Heiko: Unsere Liebe zur Musik. Wir waren Musiker, bevor wir Youtuber wurden. Das ist unsere Leidenschaft. Nur Musik ist mein authentisches Ventil, da bin ich wirklich ich. Roman: Ich suche in der Musik nach Perfektion. Der Sound lässt mich runterkommen, Frust ablassen, entspannen. Wenn ich traurig bin, spiele ich eine Stunde Gitarre und tanke dabei Energie. Ich liebe es, mit den Fans unsere Songs zu singen.
"Nice, dass du dabei bist" ist eure neue Single, klingt melancholisch, warum?
Roman: Das ist die Sehnsucht nach den besonderen Menschen in unserem Leben, für die wir aber manchmal wenig Zeit haben. Die leider nicht immer unseren Alltag teilen können. Unsere Freunde, unsere Heimat fehlen uns schon sehr durch den Erfolg.
Heiko: Wir haben gelernt: Business ist nicht alles. Freunde sind wichtig, das Zusammensein schätze ich heute mehr als früher. Allerdings liebe ich es, auf Tour zu sein. Es gibt nichts Geileres als eine Horde von 20 Leuten, die in 30 Tagen 25 Konzerte spielen und Fans glücklich machen. Voll das Team-Ding.

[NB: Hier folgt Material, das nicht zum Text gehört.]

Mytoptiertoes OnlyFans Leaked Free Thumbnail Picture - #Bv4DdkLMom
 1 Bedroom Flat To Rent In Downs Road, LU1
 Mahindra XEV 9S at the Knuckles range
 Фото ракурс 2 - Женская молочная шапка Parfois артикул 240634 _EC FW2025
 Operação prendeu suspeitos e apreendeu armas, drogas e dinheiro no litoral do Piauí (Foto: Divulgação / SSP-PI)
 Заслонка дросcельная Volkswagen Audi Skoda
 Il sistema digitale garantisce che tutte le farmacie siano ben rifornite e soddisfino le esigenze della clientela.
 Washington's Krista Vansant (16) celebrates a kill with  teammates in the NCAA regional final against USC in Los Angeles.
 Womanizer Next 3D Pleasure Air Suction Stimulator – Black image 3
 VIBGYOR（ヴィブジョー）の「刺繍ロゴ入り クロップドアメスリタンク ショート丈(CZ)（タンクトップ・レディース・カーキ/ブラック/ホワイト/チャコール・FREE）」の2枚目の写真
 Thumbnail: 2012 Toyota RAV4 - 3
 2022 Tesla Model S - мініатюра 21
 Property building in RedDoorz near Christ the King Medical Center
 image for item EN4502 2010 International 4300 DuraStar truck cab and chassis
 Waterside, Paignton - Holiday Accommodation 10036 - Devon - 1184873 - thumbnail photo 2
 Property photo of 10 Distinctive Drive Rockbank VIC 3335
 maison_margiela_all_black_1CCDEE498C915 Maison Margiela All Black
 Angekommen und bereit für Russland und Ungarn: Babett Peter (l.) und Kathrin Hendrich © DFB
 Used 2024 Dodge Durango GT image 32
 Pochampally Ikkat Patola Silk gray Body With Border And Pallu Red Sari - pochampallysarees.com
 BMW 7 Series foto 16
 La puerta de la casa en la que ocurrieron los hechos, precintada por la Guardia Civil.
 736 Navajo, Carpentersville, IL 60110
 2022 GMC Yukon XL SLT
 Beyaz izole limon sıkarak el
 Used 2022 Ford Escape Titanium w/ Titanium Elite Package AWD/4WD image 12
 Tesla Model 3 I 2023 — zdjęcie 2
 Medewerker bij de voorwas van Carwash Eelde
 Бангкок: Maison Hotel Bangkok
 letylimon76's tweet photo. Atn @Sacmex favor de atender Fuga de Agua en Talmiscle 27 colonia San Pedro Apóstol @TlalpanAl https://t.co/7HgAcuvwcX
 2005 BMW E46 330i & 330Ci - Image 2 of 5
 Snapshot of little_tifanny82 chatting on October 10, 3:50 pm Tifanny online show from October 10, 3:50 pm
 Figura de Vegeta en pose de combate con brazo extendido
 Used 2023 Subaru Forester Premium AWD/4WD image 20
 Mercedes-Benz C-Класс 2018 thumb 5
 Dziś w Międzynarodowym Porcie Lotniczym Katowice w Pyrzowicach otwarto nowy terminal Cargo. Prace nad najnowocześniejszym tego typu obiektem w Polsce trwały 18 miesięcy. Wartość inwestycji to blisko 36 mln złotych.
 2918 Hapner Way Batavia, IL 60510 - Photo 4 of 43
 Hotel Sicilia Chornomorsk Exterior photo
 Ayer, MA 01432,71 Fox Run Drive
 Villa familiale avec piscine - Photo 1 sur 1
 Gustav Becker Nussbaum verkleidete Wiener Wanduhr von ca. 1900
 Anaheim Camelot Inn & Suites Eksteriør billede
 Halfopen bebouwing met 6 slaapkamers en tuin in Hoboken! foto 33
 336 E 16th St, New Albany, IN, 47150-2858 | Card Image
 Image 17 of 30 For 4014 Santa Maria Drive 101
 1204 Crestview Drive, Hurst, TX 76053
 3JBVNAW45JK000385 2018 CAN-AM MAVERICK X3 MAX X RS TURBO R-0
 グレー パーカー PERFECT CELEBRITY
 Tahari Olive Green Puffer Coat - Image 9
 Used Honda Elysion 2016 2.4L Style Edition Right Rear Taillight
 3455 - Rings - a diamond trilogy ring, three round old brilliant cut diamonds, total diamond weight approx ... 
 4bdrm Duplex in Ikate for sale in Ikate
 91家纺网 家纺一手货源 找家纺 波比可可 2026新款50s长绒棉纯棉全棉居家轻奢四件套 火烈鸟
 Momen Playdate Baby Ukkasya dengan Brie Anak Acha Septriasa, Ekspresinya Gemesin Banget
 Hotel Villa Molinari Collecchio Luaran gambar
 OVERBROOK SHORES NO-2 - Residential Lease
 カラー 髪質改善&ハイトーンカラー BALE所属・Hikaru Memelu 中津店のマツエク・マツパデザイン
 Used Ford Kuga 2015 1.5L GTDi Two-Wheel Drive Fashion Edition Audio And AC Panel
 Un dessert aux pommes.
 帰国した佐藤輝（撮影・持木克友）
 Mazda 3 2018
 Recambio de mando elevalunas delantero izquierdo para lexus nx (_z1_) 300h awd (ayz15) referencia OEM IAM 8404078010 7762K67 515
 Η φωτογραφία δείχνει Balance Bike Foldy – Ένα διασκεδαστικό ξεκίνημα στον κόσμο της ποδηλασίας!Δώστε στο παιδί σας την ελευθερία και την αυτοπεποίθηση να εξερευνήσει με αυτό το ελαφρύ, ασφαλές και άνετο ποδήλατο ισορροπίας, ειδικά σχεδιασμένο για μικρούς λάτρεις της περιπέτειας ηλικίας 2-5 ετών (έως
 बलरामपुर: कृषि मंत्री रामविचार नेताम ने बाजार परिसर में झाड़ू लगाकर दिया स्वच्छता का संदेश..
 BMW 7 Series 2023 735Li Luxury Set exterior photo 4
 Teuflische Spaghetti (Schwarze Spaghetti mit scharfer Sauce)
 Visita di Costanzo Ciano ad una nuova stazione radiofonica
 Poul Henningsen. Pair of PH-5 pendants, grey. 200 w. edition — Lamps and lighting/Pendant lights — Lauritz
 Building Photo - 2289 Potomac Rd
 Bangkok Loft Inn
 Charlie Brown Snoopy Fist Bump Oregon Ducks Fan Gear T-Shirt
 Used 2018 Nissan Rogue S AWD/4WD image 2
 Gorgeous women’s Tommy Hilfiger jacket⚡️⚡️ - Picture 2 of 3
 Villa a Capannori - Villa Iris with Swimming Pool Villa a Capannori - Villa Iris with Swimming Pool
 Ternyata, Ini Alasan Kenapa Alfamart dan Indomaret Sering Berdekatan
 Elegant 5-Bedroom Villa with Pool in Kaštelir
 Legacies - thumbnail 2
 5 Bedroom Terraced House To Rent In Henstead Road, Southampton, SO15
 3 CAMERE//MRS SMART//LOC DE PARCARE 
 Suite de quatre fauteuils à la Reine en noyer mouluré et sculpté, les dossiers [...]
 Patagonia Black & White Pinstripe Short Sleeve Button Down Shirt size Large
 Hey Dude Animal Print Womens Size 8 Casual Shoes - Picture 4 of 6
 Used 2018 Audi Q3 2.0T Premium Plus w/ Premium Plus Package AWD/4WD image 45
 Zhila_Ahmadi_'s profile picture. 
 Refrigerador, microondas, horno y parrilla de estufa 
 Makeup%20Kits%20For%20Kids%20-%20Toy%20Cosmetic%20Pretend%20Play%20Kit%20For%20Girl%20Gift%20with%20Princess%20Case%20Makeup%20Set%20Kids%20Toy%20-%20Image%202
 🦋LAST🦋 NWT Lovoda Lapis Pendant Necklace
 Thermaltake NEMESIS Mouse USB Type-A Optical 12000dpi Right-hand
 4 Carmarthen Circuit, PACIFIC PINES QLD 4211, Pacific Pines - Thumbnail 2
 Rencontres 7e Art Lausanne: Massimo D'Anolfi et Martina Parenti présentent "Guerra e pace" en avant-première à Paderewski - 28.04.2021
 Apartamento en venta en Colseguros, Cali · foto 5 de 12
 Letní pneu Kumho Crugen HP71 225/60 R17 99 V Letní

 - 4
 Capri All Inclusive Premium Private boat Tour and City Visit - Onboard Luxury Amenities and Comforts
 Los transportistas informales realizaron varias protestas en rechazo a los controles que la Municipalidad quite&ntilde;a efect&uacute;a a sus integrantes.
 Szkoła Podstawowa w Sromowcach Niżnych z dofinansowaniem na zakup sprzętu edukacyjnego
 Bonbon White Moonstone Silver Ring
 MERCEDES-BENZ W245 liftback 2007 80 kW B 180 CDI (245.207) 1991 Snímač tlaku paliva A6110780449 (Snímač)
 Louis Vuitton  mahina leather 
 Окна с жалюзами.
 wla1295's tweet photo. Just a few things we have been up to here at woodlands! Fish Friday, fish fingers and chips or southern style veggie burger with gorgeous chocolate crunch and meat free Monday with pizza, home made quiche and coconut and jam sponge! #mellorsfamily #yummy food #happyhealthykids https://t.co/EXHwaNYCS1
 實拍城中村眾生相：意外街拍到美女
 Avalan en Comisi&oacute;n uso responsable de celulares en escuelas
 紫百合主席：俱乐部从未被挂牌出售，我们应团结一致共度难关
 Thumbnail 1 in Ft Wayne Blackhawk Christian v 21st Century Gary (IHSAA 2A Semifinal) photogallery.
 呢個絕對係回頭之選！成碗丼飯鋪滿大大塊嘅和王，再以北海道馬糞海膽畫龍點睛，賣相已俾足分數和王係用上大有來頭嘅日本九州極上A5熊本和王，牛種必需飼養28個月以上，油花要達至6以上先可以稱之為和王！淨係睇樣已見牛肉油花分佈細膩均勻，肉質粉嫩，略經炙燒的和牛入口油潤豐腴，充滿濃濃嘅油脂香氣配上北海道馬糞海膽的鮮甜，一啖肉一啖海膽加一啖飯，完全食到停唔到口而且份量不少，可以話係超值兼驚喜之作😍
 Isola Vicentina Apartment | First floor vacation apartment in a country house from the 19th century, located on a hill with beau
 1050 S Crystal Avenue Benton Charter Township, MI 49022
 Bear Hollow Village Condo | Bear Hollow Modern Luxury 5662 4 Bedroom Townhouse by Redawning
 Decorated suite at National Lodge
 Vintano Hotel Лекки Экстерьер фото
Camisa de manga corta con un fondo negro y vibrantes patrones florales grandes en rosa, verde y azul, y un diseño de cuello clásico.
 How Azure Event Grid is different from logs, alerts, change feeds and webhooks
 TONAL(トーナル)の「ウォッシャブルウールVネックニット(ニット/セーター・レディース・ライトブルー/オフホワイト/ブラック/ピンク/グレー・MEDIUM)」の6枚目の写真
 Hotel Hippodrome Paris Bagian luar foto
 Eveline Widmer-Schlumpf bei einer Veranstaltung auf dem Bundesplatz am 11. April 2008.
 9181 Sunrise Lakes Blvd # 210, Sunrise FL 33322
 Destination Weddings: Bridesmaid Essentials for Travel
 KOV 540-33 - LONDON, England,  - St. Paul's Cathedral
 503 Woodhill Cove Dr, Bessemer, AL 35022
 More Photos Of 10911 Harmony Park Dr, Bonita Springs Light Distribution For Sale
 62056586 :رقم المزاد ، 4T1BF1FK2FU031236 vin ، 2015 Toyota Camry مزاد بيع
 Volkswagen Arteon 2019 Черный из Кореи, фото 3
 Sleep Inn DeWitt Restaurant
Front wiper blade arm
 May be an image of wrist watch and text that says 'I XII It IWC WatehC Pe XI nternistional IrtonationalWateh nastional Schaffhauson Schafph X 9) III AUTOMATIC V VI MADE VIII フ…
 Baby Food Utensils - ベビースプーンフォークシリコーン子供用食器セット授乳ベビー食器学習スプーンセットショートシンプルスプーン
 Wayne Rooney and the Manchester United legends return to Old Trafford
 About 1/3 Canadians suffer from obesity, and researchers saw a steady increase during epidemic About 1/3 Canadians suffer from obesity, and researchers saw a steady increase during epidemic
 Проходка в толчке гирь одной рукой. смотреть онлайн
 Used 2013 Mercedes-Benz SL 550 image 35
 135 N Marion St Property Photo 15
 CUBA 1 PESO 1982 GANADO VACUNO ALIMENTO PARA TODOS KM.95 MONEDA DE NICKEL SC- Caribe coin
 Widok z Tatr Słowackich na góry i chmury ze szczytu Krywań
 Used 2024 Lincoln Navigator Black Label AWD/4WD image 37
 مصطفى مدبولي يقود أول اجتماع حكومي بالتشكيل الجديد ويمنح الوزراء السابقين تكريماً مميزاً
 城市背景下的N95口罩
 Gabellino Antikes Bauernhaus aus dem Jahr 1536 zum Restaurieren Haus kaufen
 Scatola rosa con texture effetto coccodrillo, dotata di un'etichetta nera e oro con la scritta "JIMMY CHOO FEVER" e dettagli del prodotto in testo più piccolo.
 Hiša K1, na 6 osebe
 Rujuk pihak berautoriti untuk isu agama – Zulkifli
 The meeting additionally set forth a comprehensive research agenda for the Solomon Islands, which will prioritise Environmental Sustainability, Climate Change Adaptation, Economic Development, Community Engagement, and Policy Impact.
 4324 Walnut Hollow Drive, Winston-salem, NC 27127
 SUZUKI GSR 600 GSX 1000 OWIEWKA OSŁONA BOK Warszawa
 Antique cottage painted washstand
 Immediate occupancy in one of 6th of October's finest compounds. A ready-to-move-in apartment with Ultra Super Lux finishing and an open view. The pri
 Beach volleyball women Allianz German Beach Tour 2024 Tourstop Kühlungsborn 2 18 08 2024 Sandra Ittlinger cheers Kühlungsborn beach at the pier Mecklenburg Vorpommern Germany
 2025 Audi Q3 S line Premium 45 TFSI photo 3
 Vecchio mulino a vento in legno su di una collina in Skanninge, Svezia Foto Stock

Habt ihr ein Backstage-Ritual?
Roman: Die gesamte Crew steht im Kreis und singt von De Randfichten: "Lebt denn der alte Holzmichl noch ...?", dann klatschen wir uns ab. Ich weiß, das klingt bescheuert! Egal ob jung, alt, Mann oder Frau, danach zählt nur noch die Show und unser Wir-Gefühl.
Heiko: Der letzte, den ich abklatsche, das ist immer und ausschließlich mein Bruder. Das ist unser Aberglaube, dieser Check. Das bringt Glück, wenn unsere Hände beim High Five einen bestimmten Ton erzeugen. Wir klatschen uns so lange ein, bis dieser Ton perfekt ist. Manchmal dauert das zwei Minuten. Erst dann betreten wir gemeinsam die Bühne.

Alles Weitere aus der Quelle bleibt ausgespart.